The Press – censorship, Buchanan, DORA. Finance – givernments
and bankers.
A dilletante, too thorough, comprehensive: penny dreadfuls, invasion stories, art history and drama, from Karl Kraus to Oh What a Lovely War.
Errors or mistaken emphasis: Fashoda, conjecture that Grey et al. exaggerated the threat of Germany despite intelligence, attempting to interpret stats on fatalities, wounded and prisoners, the Entente were better at killing, maiming and taking prisoners, Tommy gets angry with a Jerry prisoner, All
Quiet on the Western Front is not biography though Ferguson quotes from it as if it is. Remarque wasn’t a front line soldier. The Oxford Union as any kind of representative body for comment. That Belgium neutrality would have been breached by GB. That skilled workers lost to the war impacted our economy when women very effectively stepped in. That the EU in its current form might have emerged has GB stayed out of it. That waving Tommies are from a photo archive when they are grabs from the Battle of Somme footage.

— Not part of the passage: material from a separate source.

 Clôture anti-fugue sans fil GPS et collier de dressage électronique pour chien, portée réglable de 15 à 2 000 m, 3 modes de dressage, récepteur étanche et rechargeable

Kinds of historian: cultural, military, diplomatic, economic.
Why was recruitment successful? Recruitment campaign, female pressure, peer and employer pressure, impulse, economic motives, and more?
Other historians and commentators:
Alan Clarke, Lidell Hart, John Terraine, Correlli Barret, Michael Howard, Norman Stone, Lafell, Bidwell, Graham, Travers, Holmes, Martin van Creveld, Dominic Graham, JMBourne, Michael Geyer, Martin Samuels, Gudmannskn, Paddy Griffith, Theo Balderston, Knaus and Hew Strachan.
With distinct sections on:
Finance and JMKeynes Writers
With a bit on poets, and rather less on films and art.
What did he leave out then?
- Women
- The Home Front
- Technological developments, especially in the air
Fig.2. A brief response to the ten questions Ferguson poses at the start of the book and attempts to answer by the end – I’m not wholly convinced.
Did one country more than any other cause war in 1914?
As I read all that has been said and is being said on the outbreak of war in 1914 I become more confused, not less. It is messy to say the least. A few pages on from drawing the above conclusion Niall Ferguson goes on to blame the smokescreen of indecission put up by the British Foreign Minister Grey. The mistake is to think there is a simple answer.
You start by thinking of gambler’s around a Euopean table, then start to wonder if Germany has the most to lose, to gain and to risk.